You may be surprised to hear that the opposite of love is not hate. At least hate presupposes a kind of devotion to an object in the extreme negative. No, hate isn’t the opposite of Love. Indifference is the opposite of love. Whereas love always desires to be near the object of love, indifference could care less. Indifference simply gives no attention, no devotion, no matter. Indifference doesn’t care.
To many who claim to be believers, the reality of their lives is as functional atheists. While they claim to believe, their belief doesn’t affect their behavior, their choices, or their priorities. Hence, they live for all practical purposes as functional atheists.
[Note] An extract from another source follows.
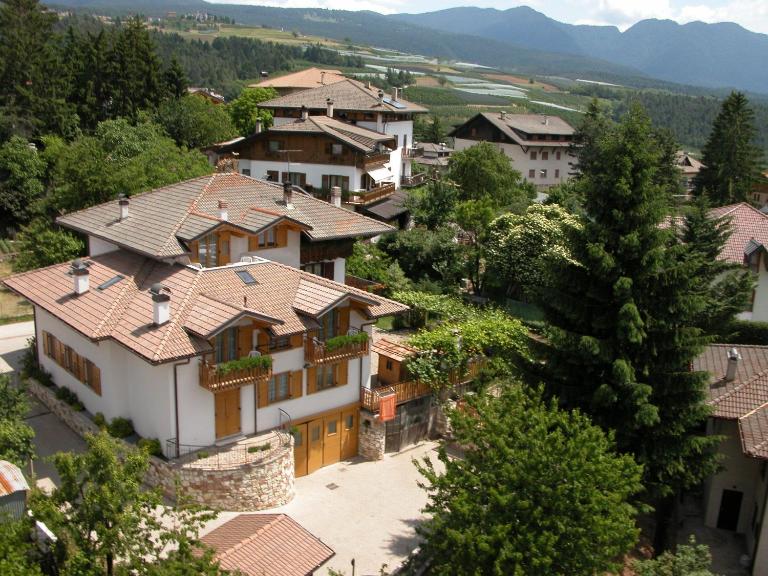 Agritur Widmann - Bed and Breakfast Coredo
But the Friends of Christ display for us the icon of true love. They have three characteristics that always overpower the temptation to functional atheism. Those three characteristics always produce a practical Orthodoxy that allows for a daily practice of the “faith once, for all, delivered to the saints.”
First, the Friends of Christ REMEMBER God. Their daily lives are focused and caught up in the daily rhythm of having God always in the front of their thoughts and actions. They are diligent in scattering about their daily lives remembrances of God in their lives; from the prayer rope on their wrists, to the icons in their home, to the daily reading of scripture, the Friends of Christ always have God in their memory. This keeps the life of God before their eyes and informs their choices.
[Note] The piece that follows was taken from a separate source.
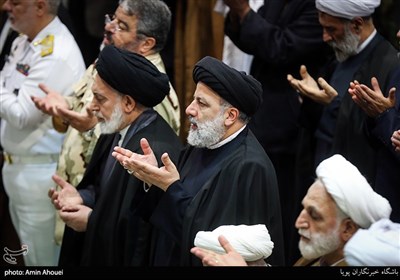 حضور حجت الاسلام سید ابراهیم رئیسی رئیس قوه قضائیه در نماز جمعه تهران 10 آبان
Second, the Friends of Christ LOVE God. The old 1950’s song said “to know, know, know him, is to to love, love love him…” It is simply impossible to know God and not love Him. All too often we merely know “about” God without ever seeking to truly “know” Him in His Persons. But the Friends of Christ experience a genuine affection for and devotion to God in that they understand a fundamental truth: It is in an authentic relationship with God that true love is possible. Mere lip service to belief never produces such love and devotion. To avoid functional atheism, we have to love God.
Finally, the Friends of Christ SERVE God. Functional atheism cannot survive in the life of a believer who puts his energies, time, even fiances to work for God. The believer who daily seeks ways to serve God in their choices, their actions, their words, and their priorities will find it a natural thing to both remember and love God. There is something about actually doing the faith that ignites strength and faithfulness in the heart of the believer.
Today, let us examine our love. Let us drive from our hearts any hint of “functional atheism” and let us remember that “love never ends.”